◆ **Data to process**:
↓
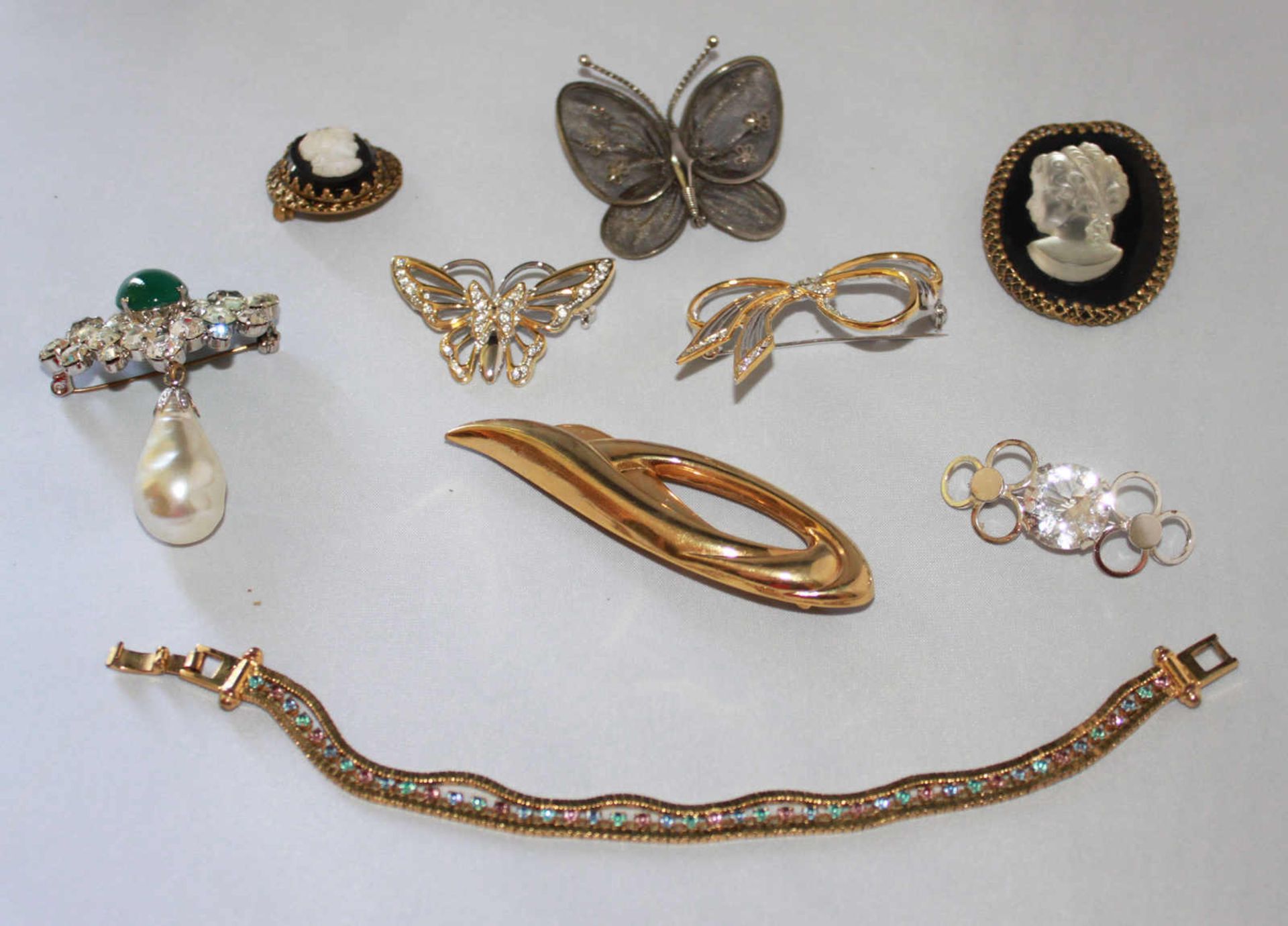 Ausgefallenes Modeschmuck-Konvolut, bestehend aus 9 Teilen, guter Zustand unusual fashion jewelry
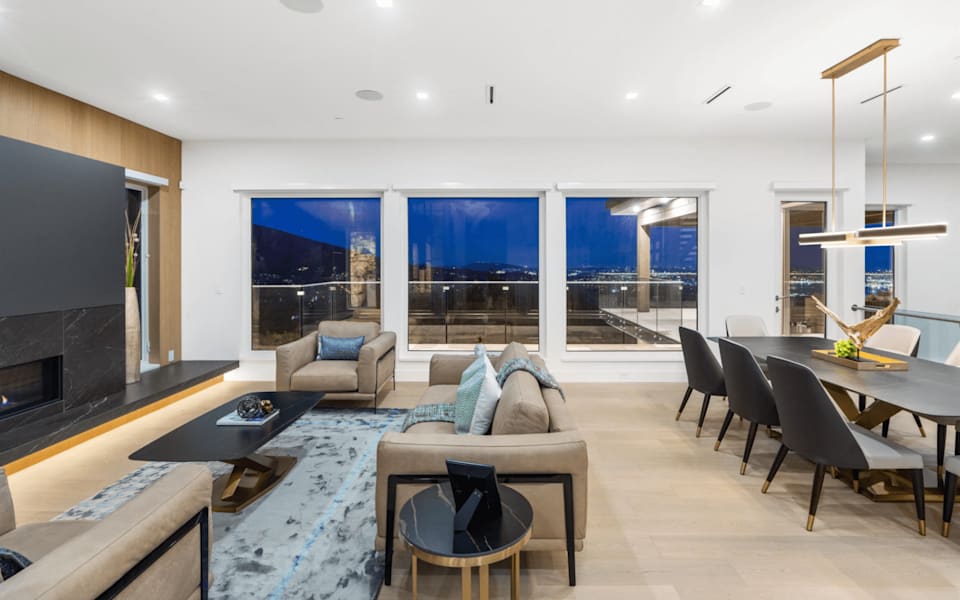 Virtual Tours in Selling Your Ultra-Luxury Property | Blog | Amir Miri ... - Luxury Apartments Featuring Virtual Reality Live Tours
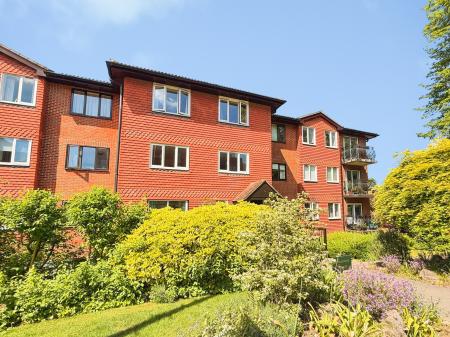 Great Heathmead, Haywards Heath, RH16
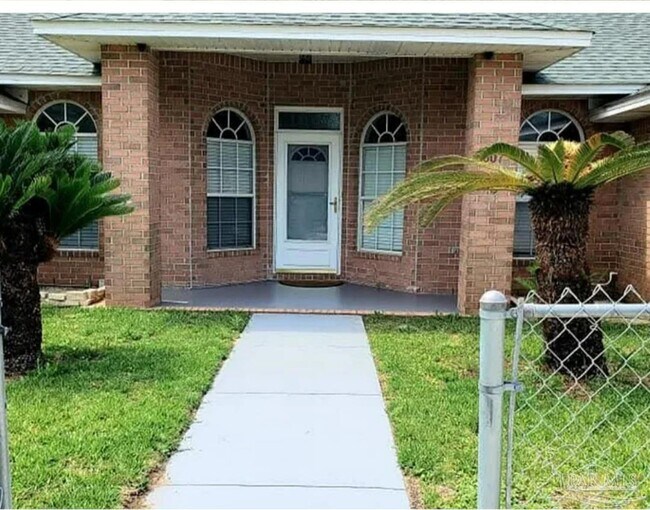 1007 W Government St in Pensacola, FL - Building Photo - Building Photo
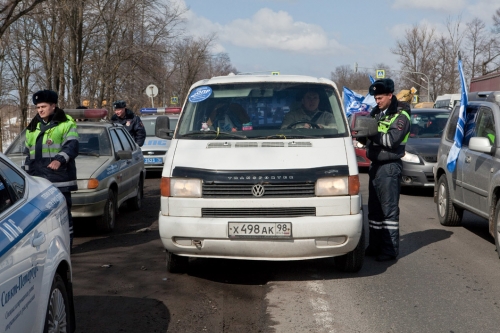 ОМОН предотвратил автопробег в поддержку дальнобойщиков под Петербургом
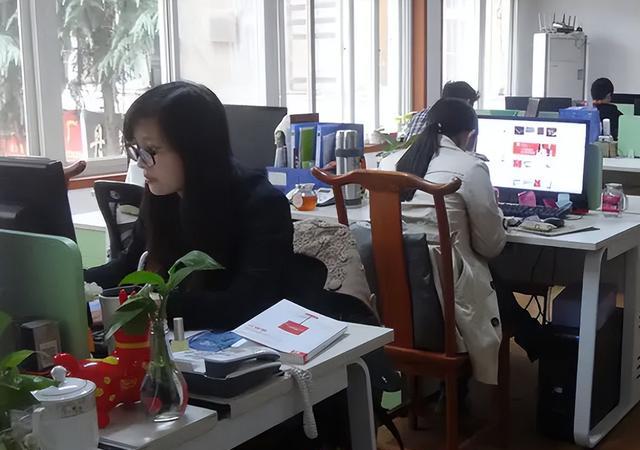 |公司走下坡路通常有几个征兆,敏锐的员工,已经开始找退路了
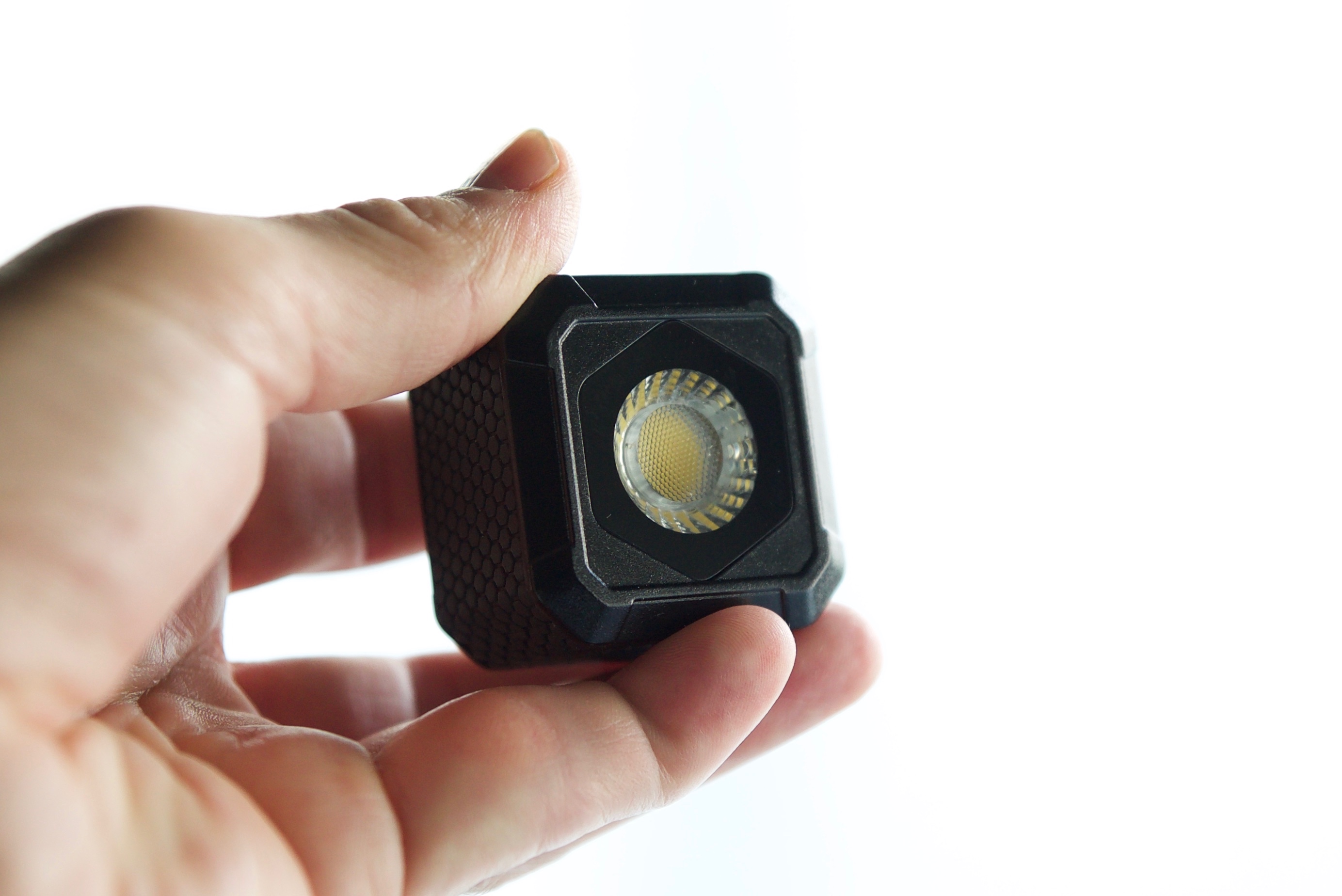 סקירה מקיפה של פנס התאורה הזעיר Lume Cube AIR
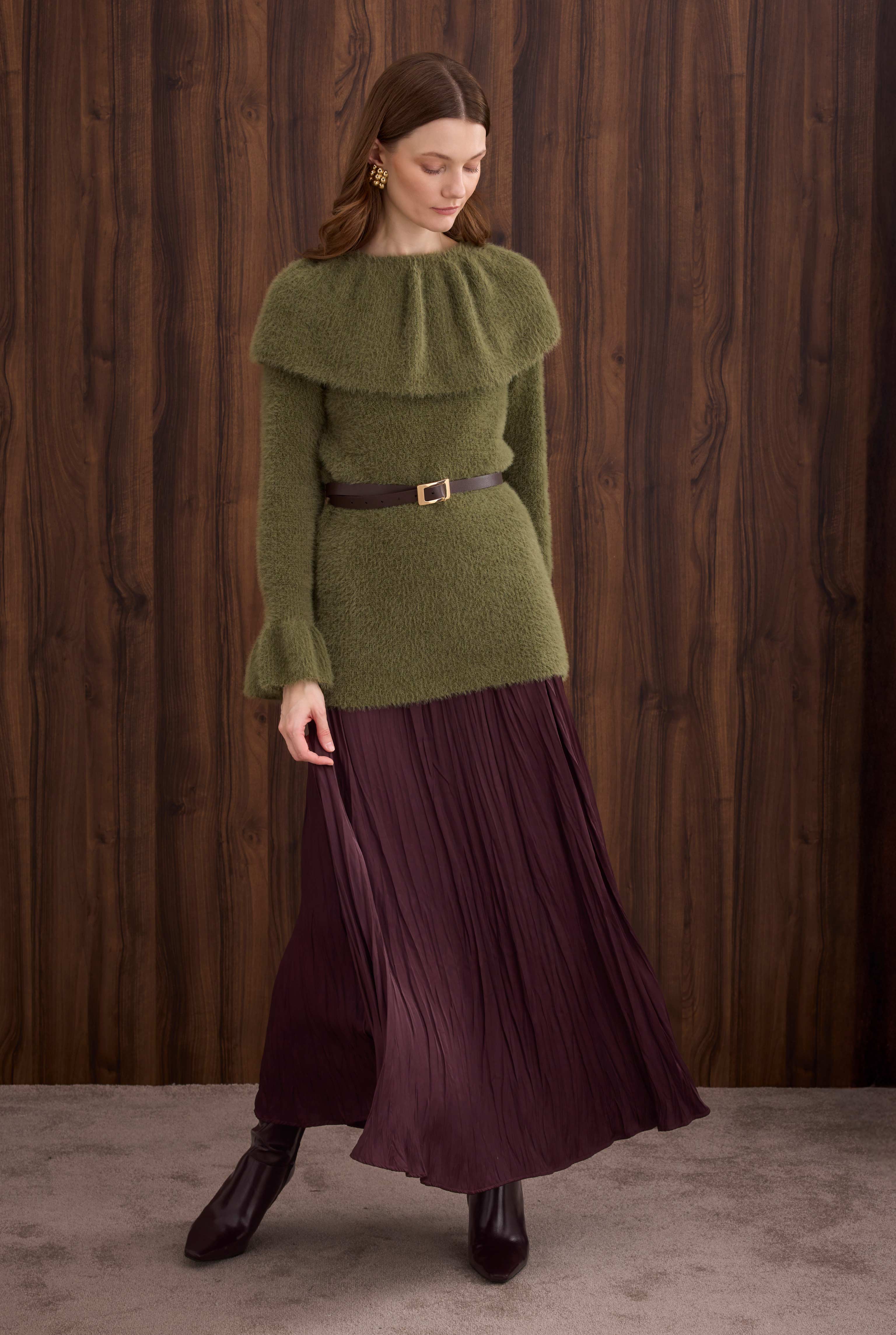 Collar Detailed Sweater Pesto - 3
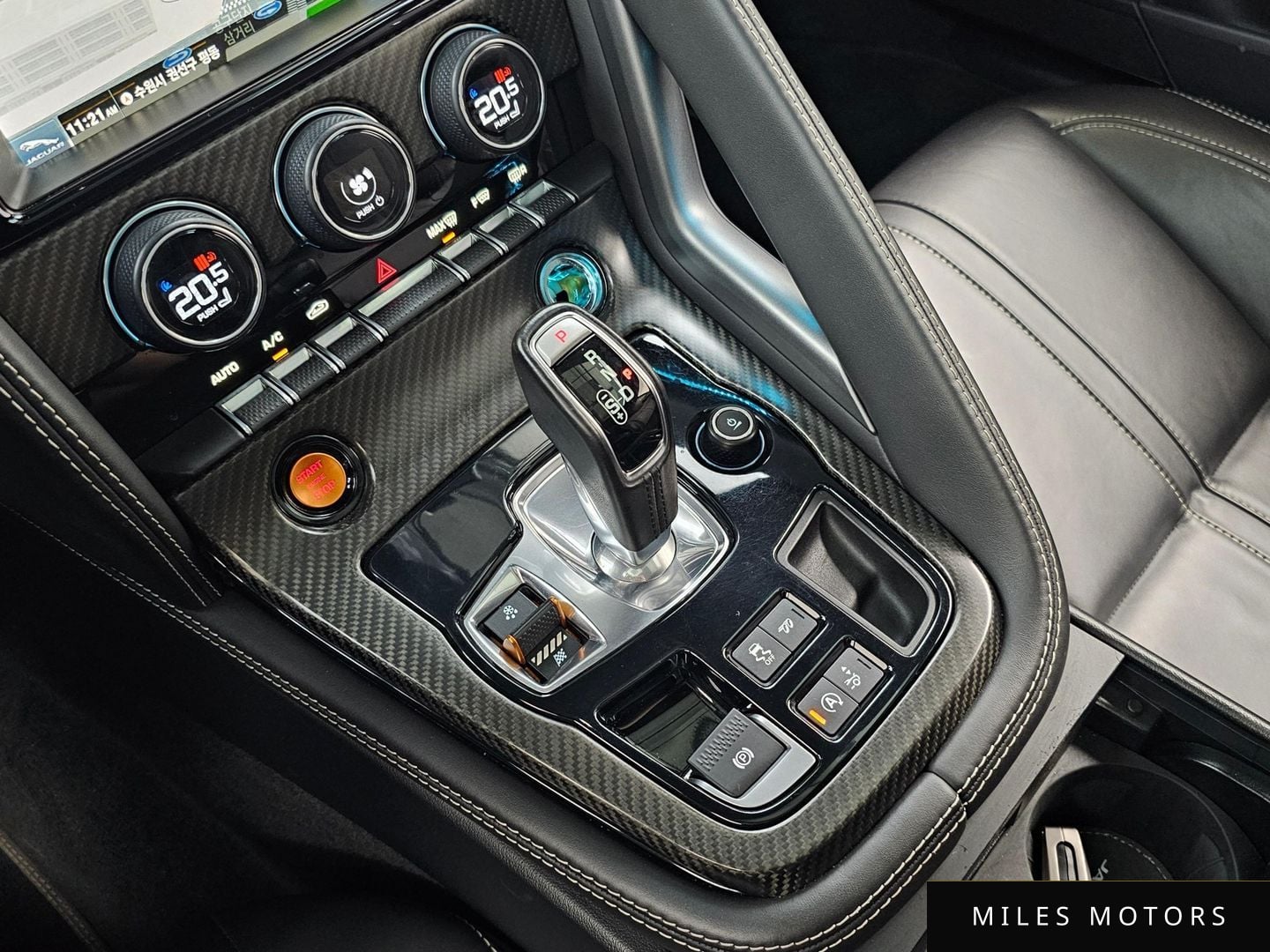 Jaguar F-TYPE 2017 — миниатюра 10
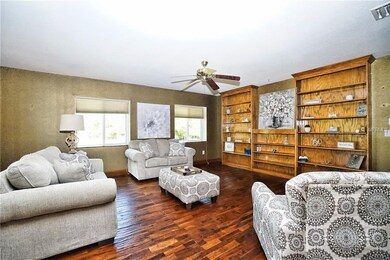 Beautiful built in book shelf
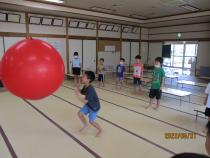 ボールを押している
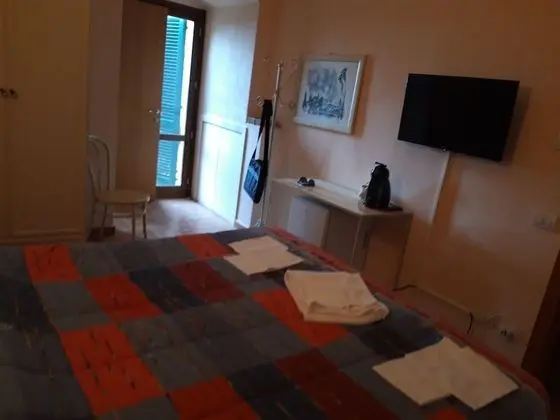 Tek Büyük Yataklı Oda, Balkon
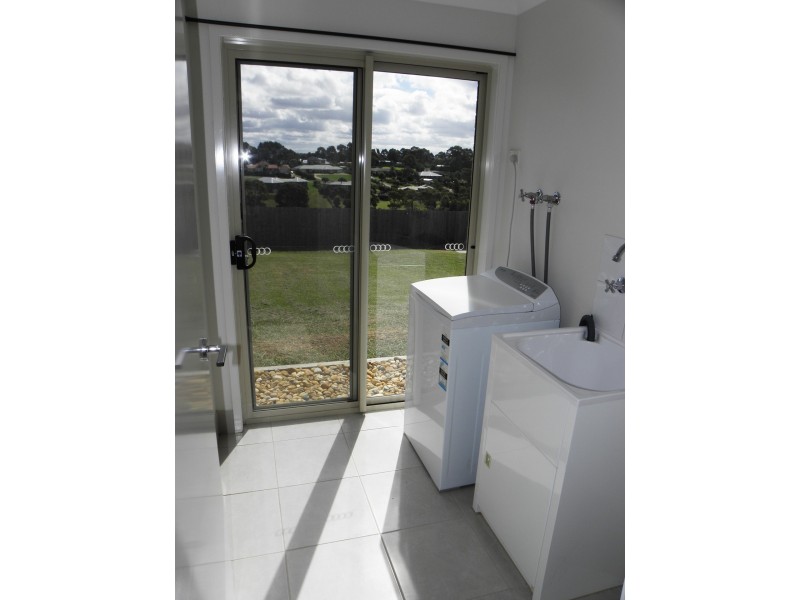 107 Gold Ring Road, Lakes Entrance VIC 3909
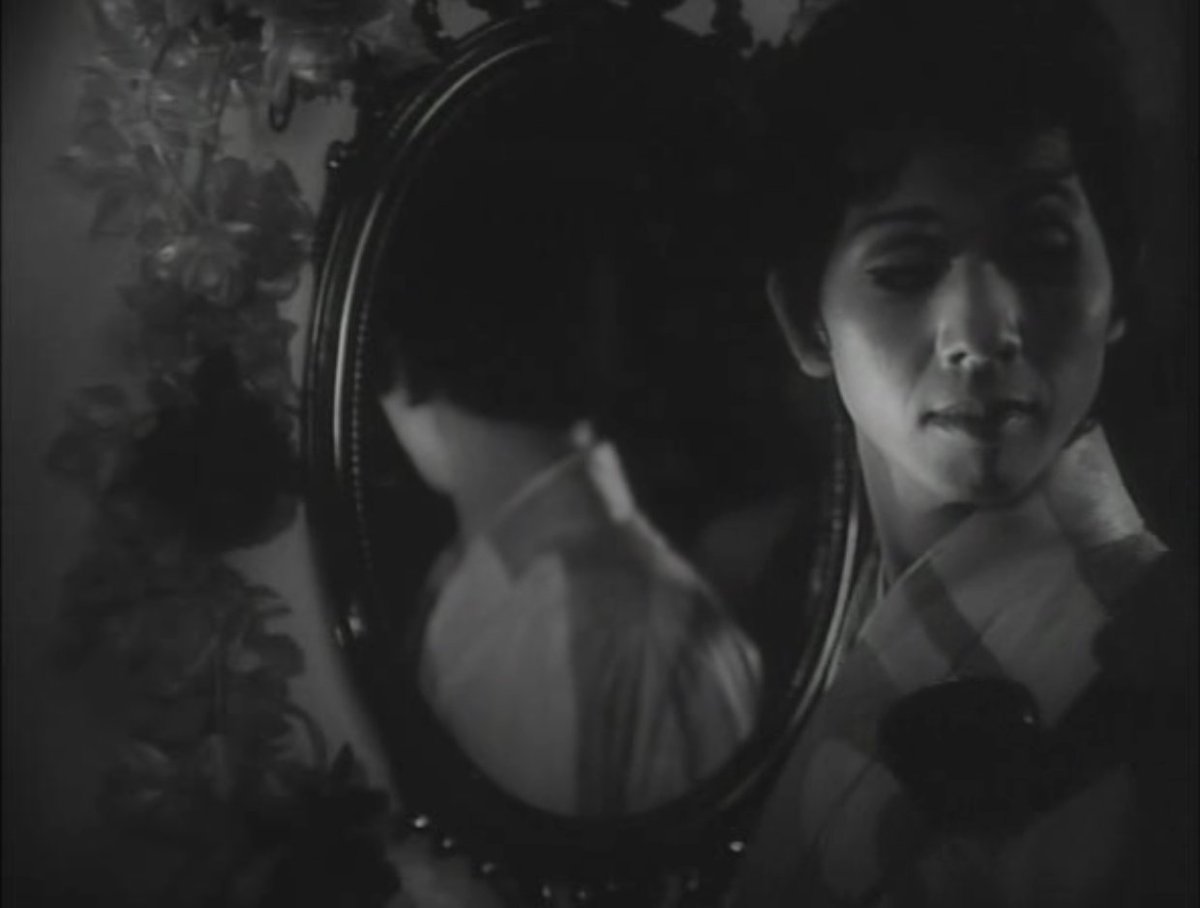 마츠모토 토시오, <장미의 행렬>(1969) 속 거울 (4)Translate post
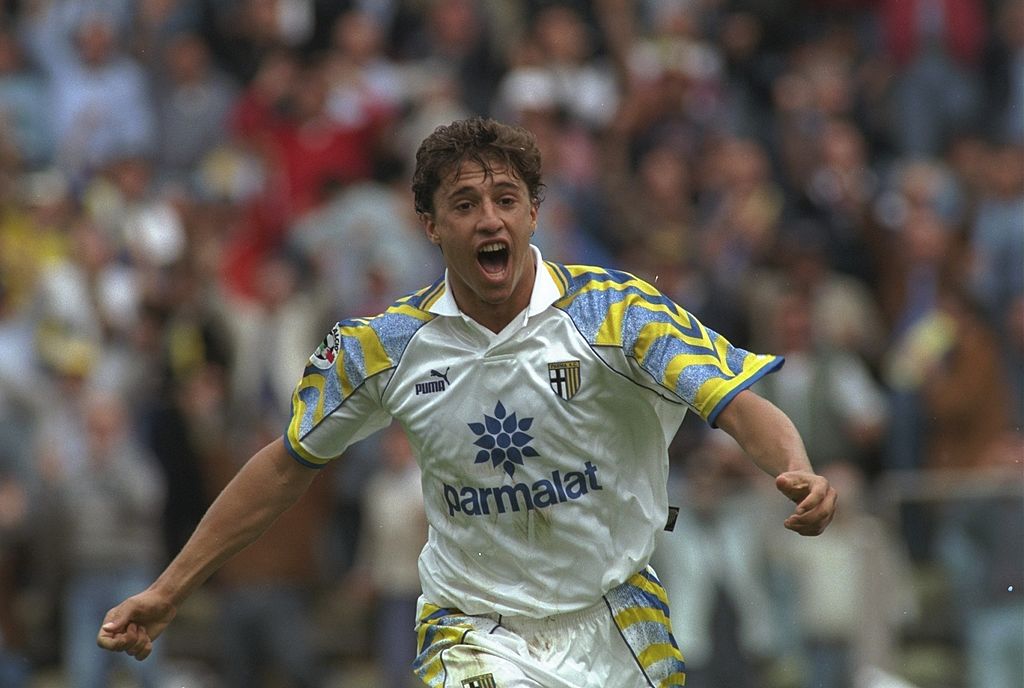 Crespo, legendario delantero del Parma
↑
◆ **Exercise brief**: Only one thing is required here: an exact copy of the lines from the one bearing "Tek Büyük Yataklı Oda, Balkon" through the final line above, both included, with pictures left out.

◆ **Output of the exercise**:
 Tek Büyük Yataklı Oda, Balkon
 107 Gold Ring Road, Lakes Entrance VIC 3909
 마츠모토 토시오, <장미의 행렬>(1969) 속 거울 (4)Translate post
 Crespo, legendario delantero del Parma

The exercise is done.